No matter how humane a pirate could be, or how the circumstances of a harsh and unfair social structure shaped them, they still chose to make other people’s lives a misery to even the score and made their living on the misfortune of others, just like any of the big time merchants and bankers they sometimes professed to hate and oppose.

So I’ve been quite baffled that people were more concerned about the message that women were being mistreated in this ride rather than being worried about the concept of piracy in itself. Heaven forbid we should slander the good names of those drunken, lecherous, thieving, murdering anarchists by saying, or showing that they were capable of abusing women.

In the end, I’m not calling out to restore the ride to its former state in the name of anti PC values, indeed the update has been well done and I’m sure will be very popular. Even though I’d just have included a separate female pirate and left the original scene as it was, there’s no use getting upset about it. But let’s just all please remember when we talk of the messages we send through entertainment; Pirates are the bad guys, they always were, still are and always will be, and we need to grow up and accept that.

Josh.

4 Replies to “Pirates were bad, Grow up!”

  1. I think the more important question, and the one you’re not engaging with, is not whether or not pirates were bad people.
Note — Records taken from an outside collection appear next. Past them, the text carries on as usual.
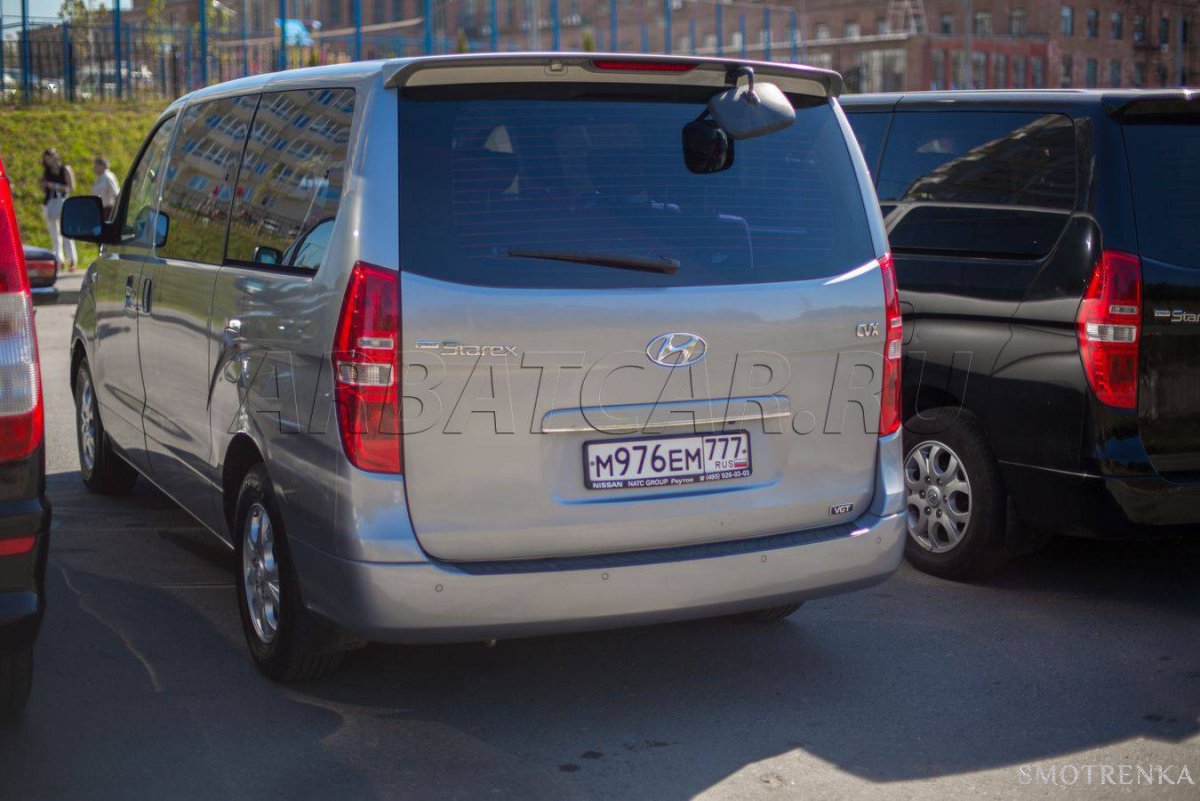 Hyundai starex серый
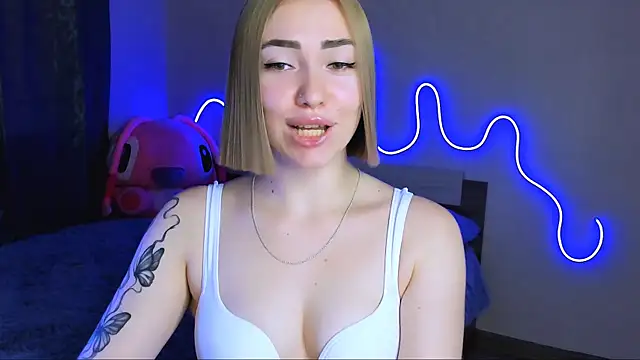 Snapshot of LaraKrein_lk chatting on September 2025 12:11:01 PM LaraKrein lk online show from September 2025 12:11:01 PM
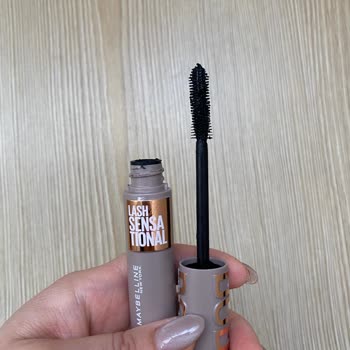 Maybelline Lash Sensational Mascara Clumps and Applies Unevenly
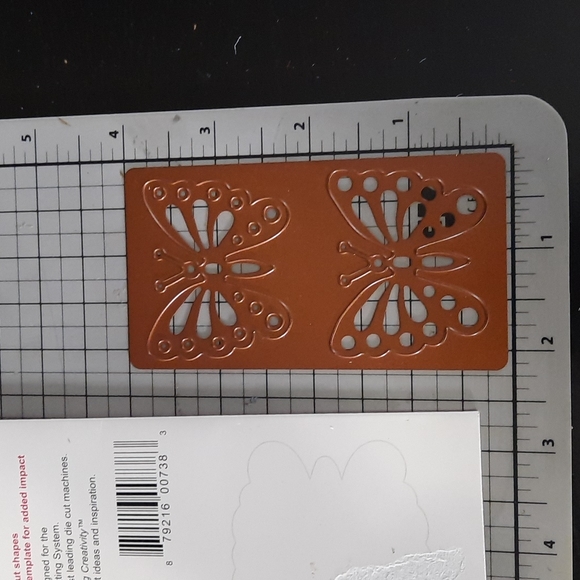 Butterflies Shapeabilities Die Cut for paper - Picture 2 of 2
It’s what made so *many* of them make the decision to lead what was probably going to be a short, brutal, uncomfortable life.
    The fact that so many chose piracy implies that there may not have been much choice (which is central to your thesis).

    1. A fair comment. In other posts I discuss ‘the reasons people became pirates,’ but no matter what the reason, or wether or not they had a choice, these people decided to steal goods and possessions from people, to rape and kill them if they resisted. To offer violence and fear to all and to force others to join their crews.
      Mitigating circumstances are to be pitied and in some cases sympathised with, but pirates were bad, and still are, as anyone who has ever been in contact with them will tell you.

  2. Thank you for typing this very insightful to get a second view on pirates even though I do disagree with some things this was amazing to read 10/10.